WASHINGTON, May 10 Patients with a hemorrhagic ("bleeding") stroke are significantly less likely to receive medications and counseling to prevent recurrent strokes compared to patients with an ischemic (clot-caused) stroke, researchers reported at the American Heart Association's 8th Scientific Forum on Quality of Care and Outcomes Research in Cardiovascular Disease and Stroke.
These findings are the result of a three-year study conducted by members of the American Heart Association's Get With The Guidelines Steering Committee and investigators. The project involved 662 hospitals with entries for 149,089 ischemic strokes or transient ischemic attacks (a "mini-stroke"), 17,195 intracerebral hemorrhages (ICH) and 5,503 subarachnoid hemorrhages (SAH).
An intracerebral hemorrhage occurs when a defective artery in the brain bursts, flooding the surrounding tissue with blood. A subarachnoid hemorrhage occurs when a blood vessel on the brain's surface ruptures and bleeds into the space between the brain and the skull (but not into the brain itself). Bleeding strokes have a much higher fatality rate than strokes caused by clots.

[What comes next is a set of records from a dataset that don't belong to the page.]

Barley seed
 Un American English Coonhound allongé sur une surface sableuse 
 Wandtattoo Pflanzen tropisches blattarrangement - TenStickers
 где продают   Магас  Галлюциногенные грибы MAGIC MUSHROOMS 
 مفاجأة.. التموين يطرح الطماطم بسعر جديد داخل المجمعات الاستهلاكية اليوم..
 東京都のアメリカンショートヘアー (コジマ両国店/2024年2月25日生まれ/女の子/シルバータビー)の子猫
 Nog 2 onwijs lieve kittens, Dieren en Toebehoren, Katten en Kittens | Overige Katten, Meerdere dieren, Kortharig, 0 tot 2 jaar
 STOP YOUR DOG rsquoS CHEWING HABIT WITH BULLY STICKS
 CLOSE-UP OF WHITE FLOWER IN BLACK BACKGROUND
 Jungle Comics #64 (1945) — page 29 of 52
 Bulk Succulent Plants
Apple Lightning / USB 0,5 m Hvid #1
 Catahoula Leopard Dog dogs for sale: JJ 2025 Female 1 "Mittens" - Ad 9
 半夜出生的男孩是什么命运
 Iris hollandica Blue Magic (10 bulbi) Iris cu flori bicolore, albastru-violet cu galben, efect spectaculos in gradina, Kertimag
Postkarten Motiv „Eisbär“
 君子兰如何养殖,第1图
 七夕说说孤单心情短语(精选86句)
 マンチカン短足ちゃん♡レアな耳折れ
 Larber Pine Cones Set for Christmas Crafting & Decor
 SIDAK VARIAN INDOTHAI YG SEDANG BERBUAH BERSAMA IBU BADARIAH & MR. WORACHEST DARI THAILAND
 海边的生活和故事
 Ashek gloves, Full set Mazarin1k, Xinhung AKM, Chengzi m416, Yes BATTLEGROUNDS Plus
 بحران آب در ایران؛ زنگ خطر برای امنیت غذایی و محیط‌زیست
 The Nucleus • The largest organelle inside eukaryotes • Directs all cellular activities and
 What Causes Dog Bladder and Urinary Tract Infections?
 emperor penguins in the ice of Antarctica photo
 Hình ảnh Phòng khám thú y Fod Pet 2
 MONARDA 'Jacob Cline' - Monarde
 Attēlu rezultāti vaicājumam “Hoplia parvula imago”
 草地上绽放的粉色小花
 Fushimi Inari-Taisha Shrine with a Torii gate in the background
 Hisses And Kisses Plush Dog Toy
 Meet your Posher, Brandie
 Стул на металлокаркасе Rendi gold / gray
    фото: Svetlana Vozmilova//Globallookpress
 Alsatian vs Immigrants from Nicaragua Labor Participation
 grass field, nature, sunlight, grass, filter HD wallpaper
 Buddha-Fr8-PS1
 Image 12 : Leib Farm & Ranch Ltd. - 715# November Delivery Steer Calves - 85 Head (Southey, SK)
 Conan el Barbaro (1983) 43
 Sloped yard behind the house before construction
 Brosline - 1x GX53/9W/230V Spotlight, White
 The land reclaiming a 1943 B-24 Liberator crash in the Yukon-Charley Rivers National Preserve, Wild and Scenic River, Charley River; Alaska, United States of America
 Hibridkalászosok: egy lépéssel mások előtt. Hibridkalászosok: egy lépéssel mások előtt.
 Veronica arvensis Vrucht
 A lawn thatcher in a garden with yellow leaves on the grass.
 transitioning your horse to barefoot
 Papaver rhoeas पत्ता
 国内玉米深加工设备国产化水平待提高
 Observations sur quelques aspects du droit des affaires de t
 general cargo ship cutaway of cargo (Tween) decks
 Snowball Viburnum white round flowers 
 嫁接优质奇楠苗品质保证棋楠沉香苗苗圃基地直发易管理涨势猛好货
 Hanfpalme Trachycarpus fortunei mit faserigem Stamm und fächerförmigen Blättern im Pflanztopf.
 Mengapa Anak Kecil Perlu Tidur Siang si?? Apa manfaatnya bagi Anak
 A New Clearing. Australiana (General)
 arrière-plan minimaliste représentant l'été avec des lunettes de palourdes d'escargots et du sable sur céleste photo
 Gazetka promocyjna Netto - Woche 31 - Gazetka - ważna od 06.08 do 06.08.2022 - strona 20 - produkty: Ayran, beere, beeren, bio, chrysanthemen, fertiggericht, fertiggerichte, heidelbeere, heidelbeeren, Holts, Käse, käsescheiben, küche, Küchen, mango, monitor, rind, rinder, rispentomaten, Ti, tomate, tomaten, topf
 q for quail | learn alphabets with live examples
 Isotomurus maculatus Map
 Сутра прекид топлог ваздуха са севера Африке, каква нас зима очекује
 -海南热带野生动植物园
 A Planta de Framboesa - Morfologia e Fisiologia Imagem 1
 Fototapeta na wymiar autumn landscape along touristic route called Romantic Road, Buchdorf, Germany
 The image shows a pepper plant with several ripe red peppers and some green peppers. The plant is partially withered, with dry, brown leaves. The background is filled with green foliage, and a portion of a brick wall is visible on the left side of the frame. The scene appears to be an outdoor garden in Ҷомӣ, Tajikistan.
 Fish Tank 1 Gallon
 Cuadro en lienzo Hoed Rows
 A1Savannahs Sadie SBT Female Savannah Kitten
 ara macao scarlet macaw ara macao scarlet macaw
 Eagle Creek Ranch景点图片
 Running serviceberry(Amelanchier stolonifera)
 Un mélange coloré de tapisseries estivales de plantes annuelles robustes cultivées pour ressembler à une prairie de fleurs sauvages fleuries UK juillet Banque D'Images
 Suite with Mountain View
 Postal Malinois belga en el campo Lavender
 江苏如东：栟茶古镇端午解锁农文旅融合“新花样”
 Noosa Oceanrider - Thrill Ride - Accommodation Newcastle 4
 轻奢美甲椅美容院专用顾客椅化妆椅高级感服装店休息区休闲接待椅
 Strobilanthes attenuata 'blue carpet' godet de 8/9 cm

Get With The GuidelinesStroke is an American Heart Association quality improvement program in which hospitals establish teams to ensure that stroke patients are treated and discharged appropriately according to guideline-based performance measures.
The researchers looked for the proportion of patients who received cholesterol-reducing medications, diabetes medications and weight-reduction management and smoking cessation therapy at discharge. High cholesterol, diabetes, overweight/obesity and cigarette smoking are risk factors for heart disease and stroke. Smoking, in particular, is a known risk factor for both bleeding strokes and ischemic strokes.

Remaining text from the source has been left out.